A tale of two oppositions

The recent Tehran protests against President Ahmadinejad’s election ‘victory’ appear to gather momentum each day and, in no small way, serve to remind me of what could have occurred in the aftermath to Lebanon’s general election 10 days ago.
It is with catharsis that we view the different reactions to electoral defeat between the countries’ opposition parties.
In Lebanon, the Hizbullah-lead March 8 bloc – in spite of receiving the majority of the popular vote – immediately accepted defeat (apart from the notable excption of the Metn district.)
In Iran, supporters of the main opposition leader, Mir Hossein Mousavi, have taken to the streets in their thousands, chanting and demanding a recount with such conviction, that the Guardian Council caved in to the popular call. On Tuesday, it announced a recount of disputed ballots.
The different reactions indicate a number of things. Firstly, Iranians were voting on primarily domestic issues, such as personal freedom and the state of the economy. Iranian politics is not riven by the confessional divide that cuts through the Lebanese debate. Voters in Iran are so outraged by Ahmadinejad’s conduct precisely because of the power that their popular vote should wield.
In Lebanon’s quota-based majoritarian system, wherein each district is given a list of parliamentary candidate, each belonging to a sect, voting is largely done on constitutional and confessional grounds. There is no point backing, say, a Maronite candidate who stands for civil liberties if he is running in a predominantly Sunni area; he doesn’t have a hope of winning.
Iran’s President is directly elected by the people. Lebanon’s Prime Minister is allocated on the say so of MPs, elected to represent the people in legislative and governmental decisions.
In addition to this, the ‘opposition’ in both countries wanted different things. In Lebanon, Hizbullah seem perfectly content to remain in opposition, given a say in parliament with the power of veto. Indeed, the group could well prefer opposition, as any parliamentary majority party would be under pressure to cede arms to the LAF.
In Iran, Mousavi – while not quite the moderate that people paint him to be – stands for something that didn’t exist under the incumbent administration. For millions of Iranians, Mousavi represents civil liberties that are tantalisingly within their grasp. They were voting for change, the Lebanese were voting for the status-quo.
This is a rather crude simplification of the two countries’ constitutional differences, but it’s certainly true that Lebanon’s system is necessarily more of a fudge, in order to accommodate and appease its 17 different official religions.
Finally, international intervention seems to have played a part in both elections, albeit in differing ways.

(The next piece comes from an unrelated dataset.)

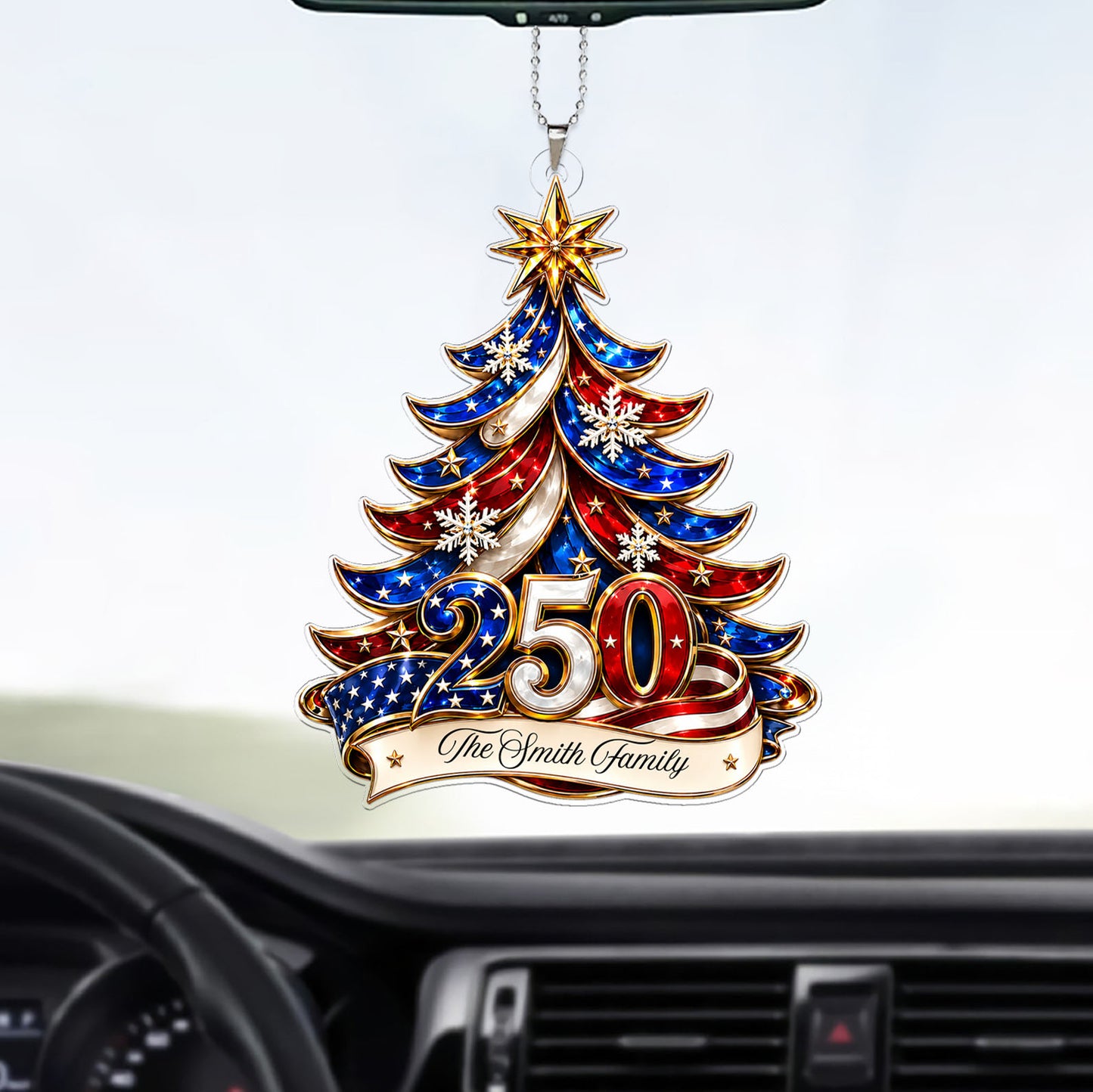 Personalized 250 Years of America Car Ornament, Patriotic Family Acrylic Ornament, USA Christmas Decor 685751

Lebanon’s elections were conducted under the watchful eye of EU and Arab observers, thus minimising the opportunity for misconduct. The West was frantically offering its support – mainly, it must be said, to March 14 parties – and made it clear that Lebanon’s voice was one not to be drowned out.
In Iran, obsevers have been shut out, allowing any alleged electoral fraud to proliferate, as it seems to have done in some areas.
Add to that the independence of Lebanese security forces (everyone, M8 or M14, respects the Army) in comparison to Ahmadinejad’s thugs, and you can see why these two Middle Eastern states reacted so differently to their votes.
The demonstrations in Iran are a poignant reminder of the fragile veneer of stability in this area of the world. But so too, is the apparent unity of compromise produced from Lebanese elections.
The two could be acting more differently, but they both prove that democracy is balance. And, until all sides feel like they are given the chance to decide that balance, the world must not relax.